I’d also note that anime’s appeal goes back further than the 2000’s. My own introduction was Robotech, back in the 80’s. While it was a bastardized version of Macross, with some pretty awful writing (not that Macross’s writing is going to win awards any time soon) and a couple other shows, it was certainly a step above what most western studios were putting on for Saturday Morning cartoons. And that created a lifelong soft spot for anime. Heck, my desktop background is currently a Veritech Fighter. I still love the idea of Robotech, even if I only watch it in my memory through very heavily rose tinted glasses. And I imagine I’m not alone. The show may be different, but I suspect a lot of folks graduated from Disney and Hanna-Barbera cartoons to some type of anime as they got older and that anime was stuck with them.
A large part of it is the target audience.

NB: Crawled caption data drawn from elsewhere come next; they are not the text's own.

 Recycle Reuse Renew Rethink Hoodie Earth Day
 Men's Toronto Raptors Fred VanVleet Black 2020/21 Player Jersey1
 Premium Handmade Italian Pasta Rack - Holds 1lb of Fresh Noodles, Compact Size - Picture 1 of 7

Like western (or at least, American,) animation is mostly intended for children (Disney animation, Pixar. Paw patrol… looney toons,) or is of one of two genres (dc/marvel superhero’s, or like Family guy, South Park, simpsons.)

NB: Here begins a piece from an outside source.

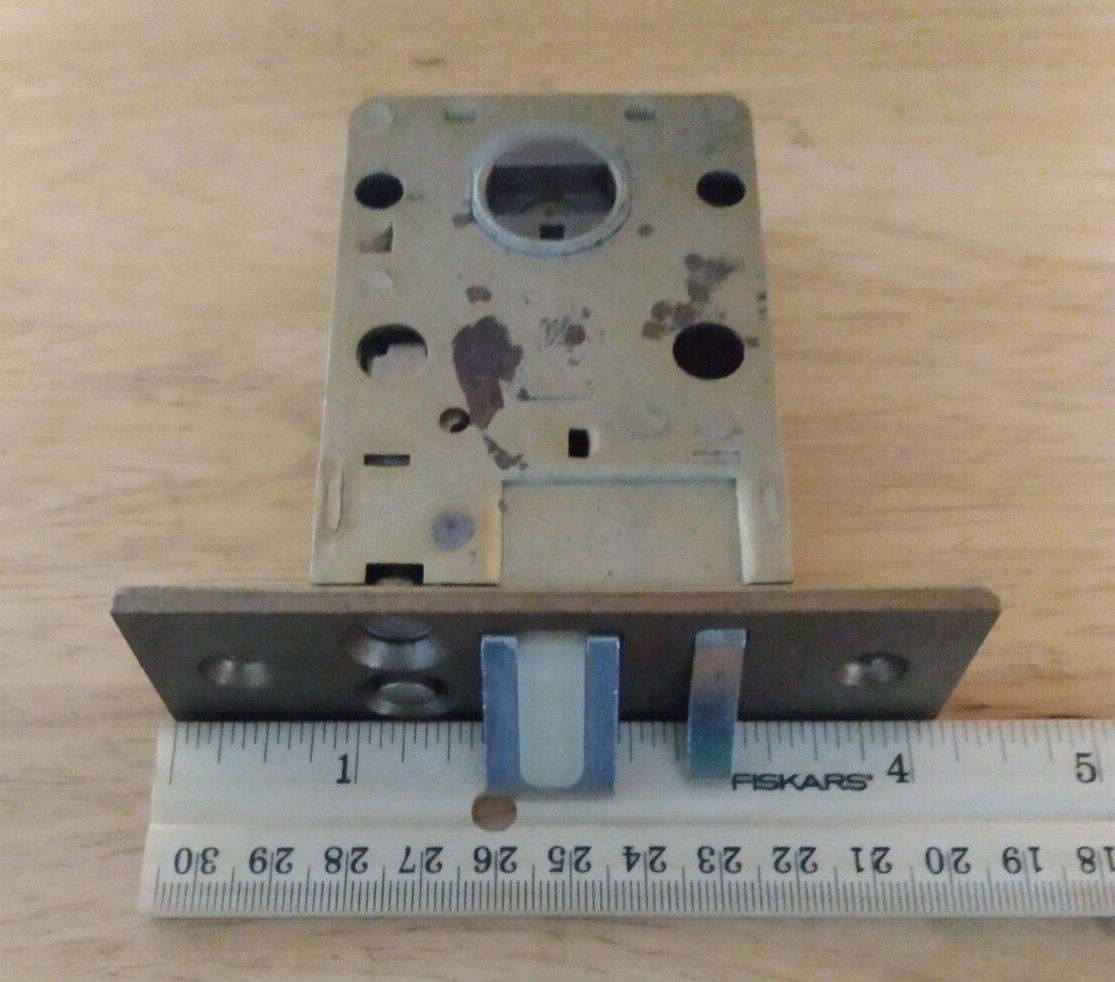 SARGENT 76 LEFT HAND COMMERICAL MORTISE LOCK BODY FINGER SWITCH BRASS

A lot of anime is intended for kids, too, don’t get me wrong. But a lot of it is also very much not. You also have a much broader array of genres, as well as a much broader distinctions in style in them.

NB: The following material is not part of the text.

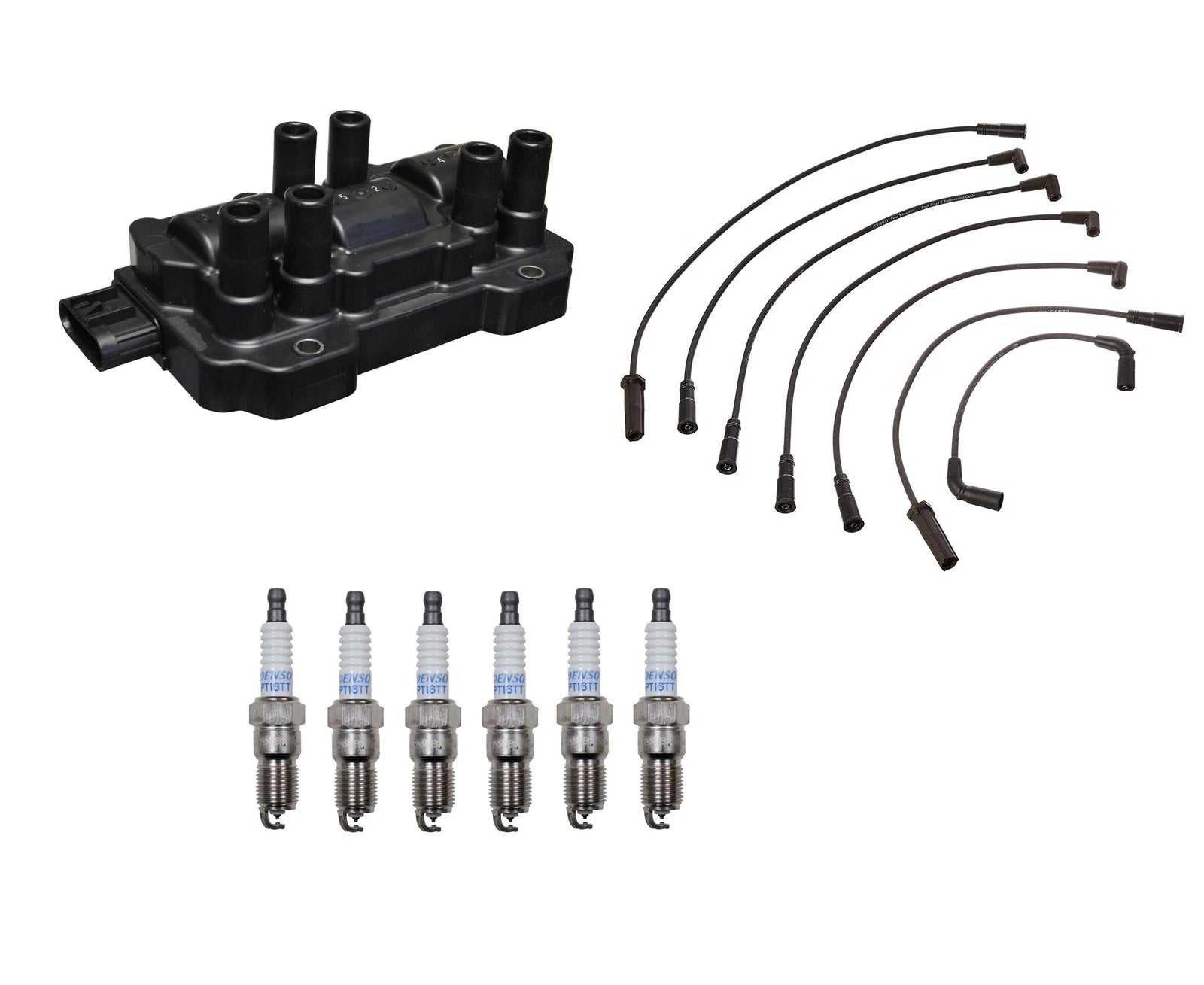 Denso Ignition Coil & Wire Set for GM 4.3L V6 (1996–2002)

If I want to read Spider-Man, I would probably post the question “where should I start with Spider-Man?” on something like Lemmy and I’d get a dozen different responses suggesting different comic runs or artists. That alone means I’m not getting the full Spider-Man story.
I can go pick up volume 1 of One Punch Man and know I’m at the beginning of a cohesive story.
I don’t have any idea really, but one possible contributing element is the speed of delivery. My understanding (possibly incorrectly) is that western comics are more commonly delivered on a one book per month cycle, whereas Manga delivers a lot more content in the same time period. Part of this production time can probably be attributed to coloring time (Western comics color every panel vs Manga printed in mostly black and white).
There’s also the accessibility of Manga and anime, having relatively newer characters without the burden of decades of backstory (not accounting for One Piece). Running an anime with (mostly) similar story line helps to bring potential new readers up to speed quickly with Manga, whereas the animated adaptations of western comics often seem to pick specific story arcs of comics, or make up entirely new stories.